» Work task: From the listing below, pull each line that includes "Light".

** Materials provided follows **

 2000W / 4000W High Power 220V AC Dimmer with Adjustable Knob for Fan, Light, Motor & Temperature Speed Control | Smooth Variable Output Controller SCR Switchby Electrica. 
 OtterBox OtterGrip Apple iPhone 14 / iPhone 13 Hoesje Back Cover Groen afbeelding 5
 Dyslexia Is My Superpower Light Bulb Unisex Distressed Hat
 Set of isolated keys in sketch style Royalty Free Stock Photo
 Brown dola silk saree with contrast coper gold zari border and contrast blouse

** End of Materials provided **
** Materials provided follows **

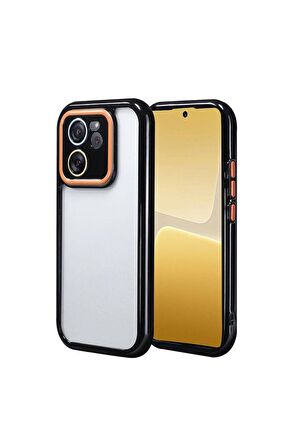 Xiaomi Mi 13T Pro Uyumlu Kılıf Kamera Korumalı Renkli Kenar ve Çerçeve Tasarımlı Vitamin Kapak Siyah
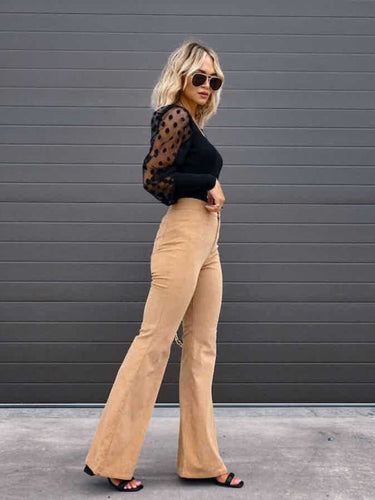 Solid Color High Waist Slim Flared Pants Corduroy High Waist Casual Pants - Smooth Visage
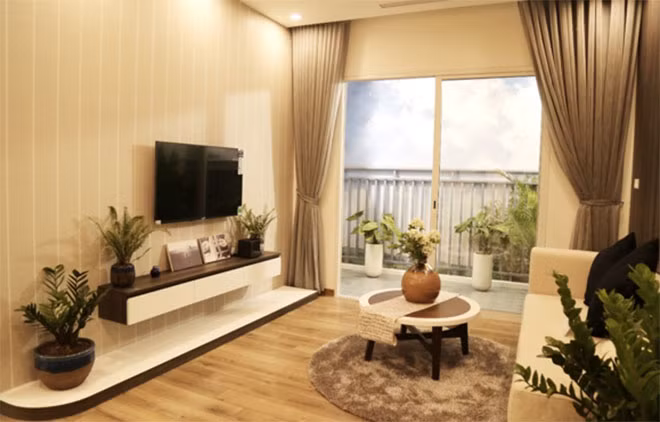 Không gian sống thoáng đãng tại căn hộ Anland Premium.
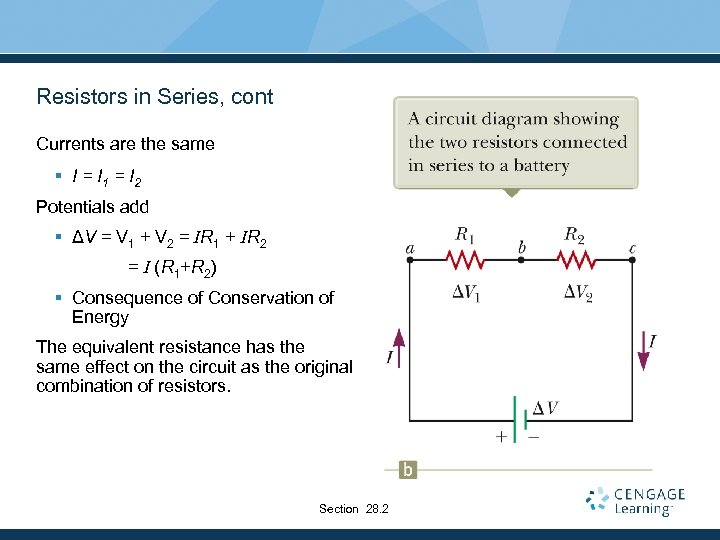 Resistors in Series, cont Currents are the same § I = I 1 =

** End of Materials provided **
** Materials provided follows **

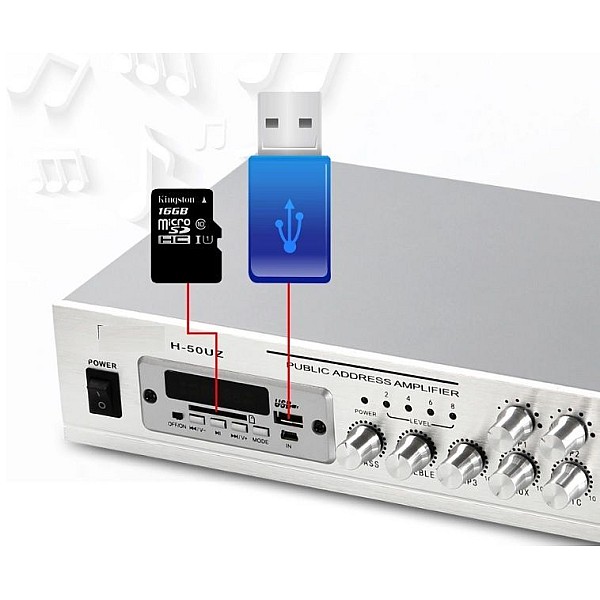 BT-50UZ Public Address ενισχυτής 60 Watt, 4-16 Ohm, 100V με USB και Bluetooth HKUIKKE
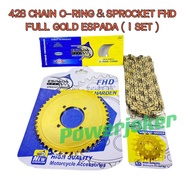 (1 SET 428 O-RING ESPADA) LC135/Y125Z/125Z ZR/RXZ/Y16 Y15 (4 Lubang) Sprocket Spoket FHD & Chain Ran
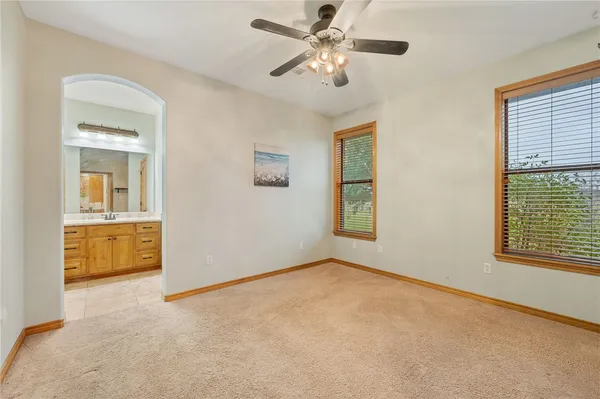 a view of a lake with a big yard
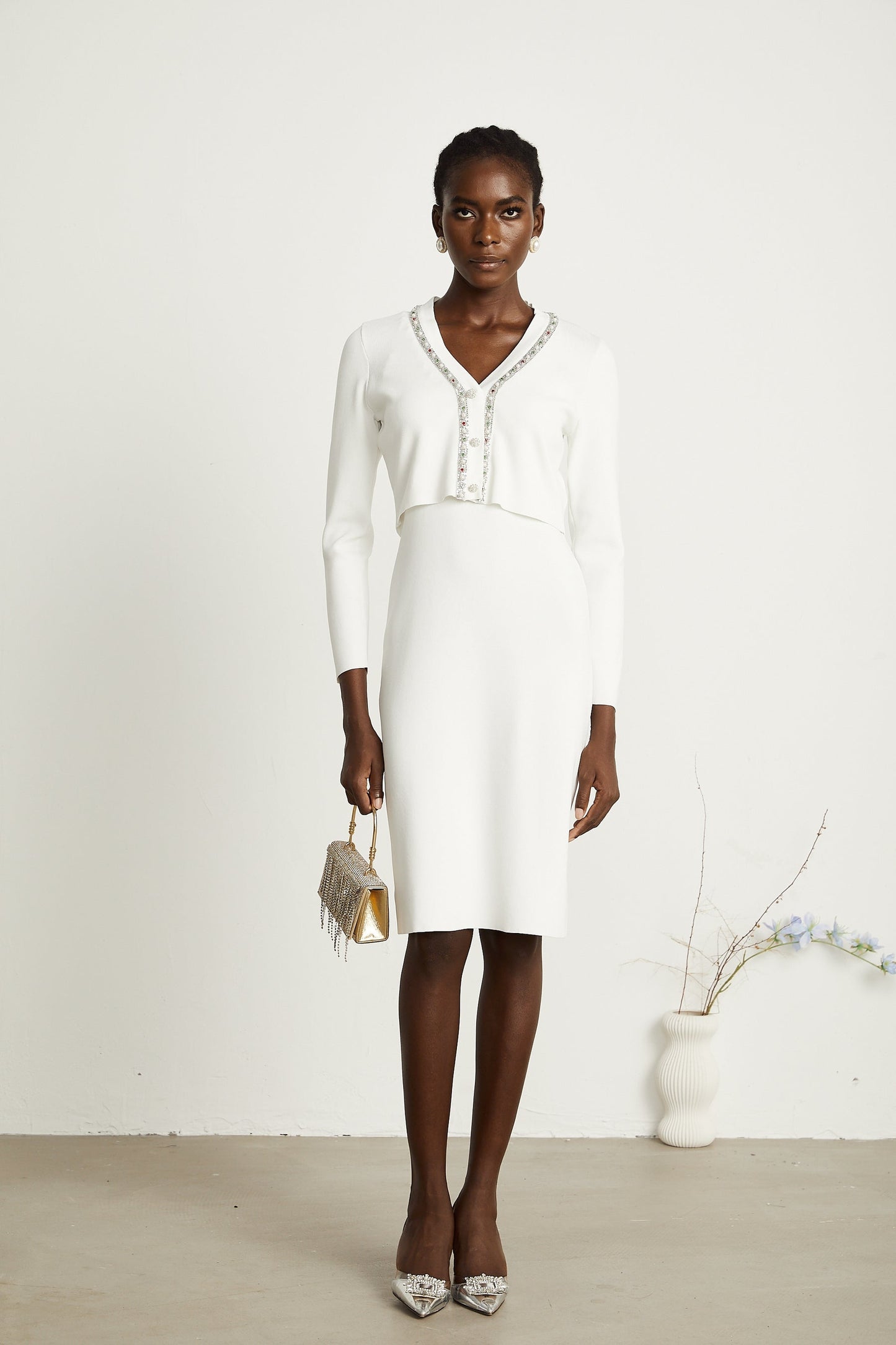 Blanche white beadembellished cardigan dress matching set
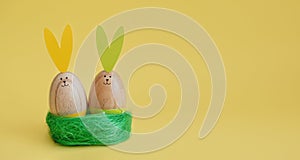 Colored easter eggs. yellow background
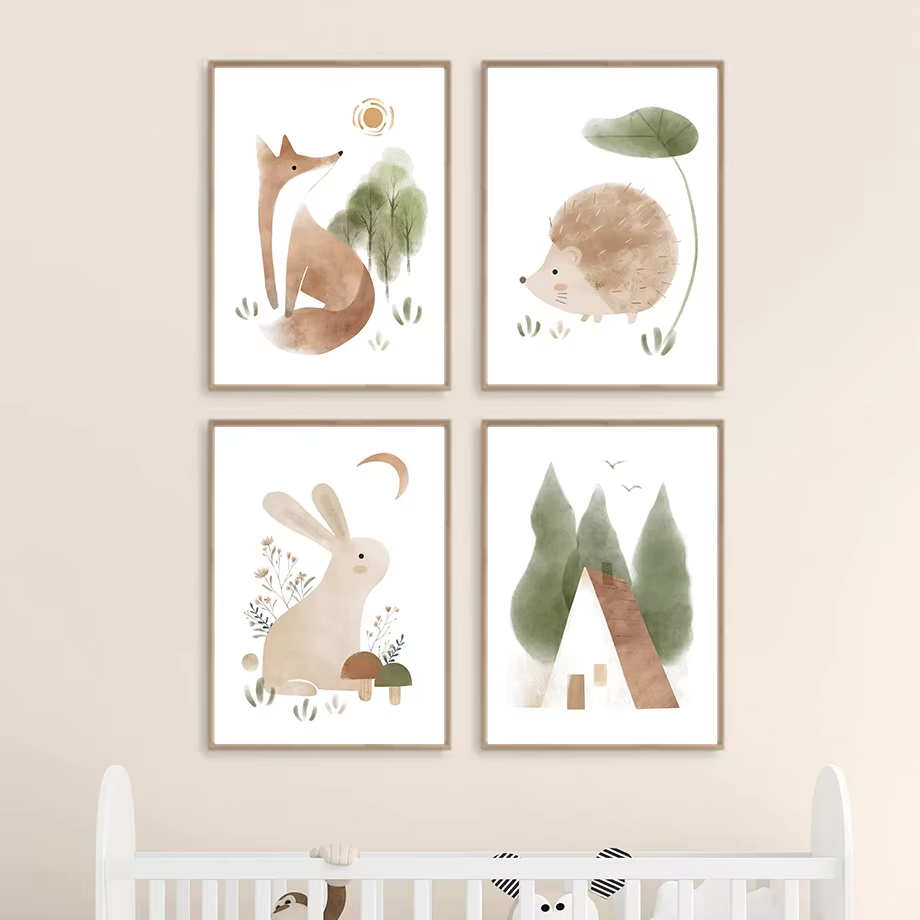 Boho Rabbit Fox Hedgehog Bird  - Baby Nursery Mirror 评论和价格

** End of Materials provided **

» Output below:
 2000W / 4000W High Power 220V AC Dimmer with Adjustable Knob for Fan, Light, Motor & Temperature Speed Control | Smooth Variable Output Controller SCR Switchby Electrica. 
 Dyslexia Is My Superpower Light Bulb Unisex Distressed Hat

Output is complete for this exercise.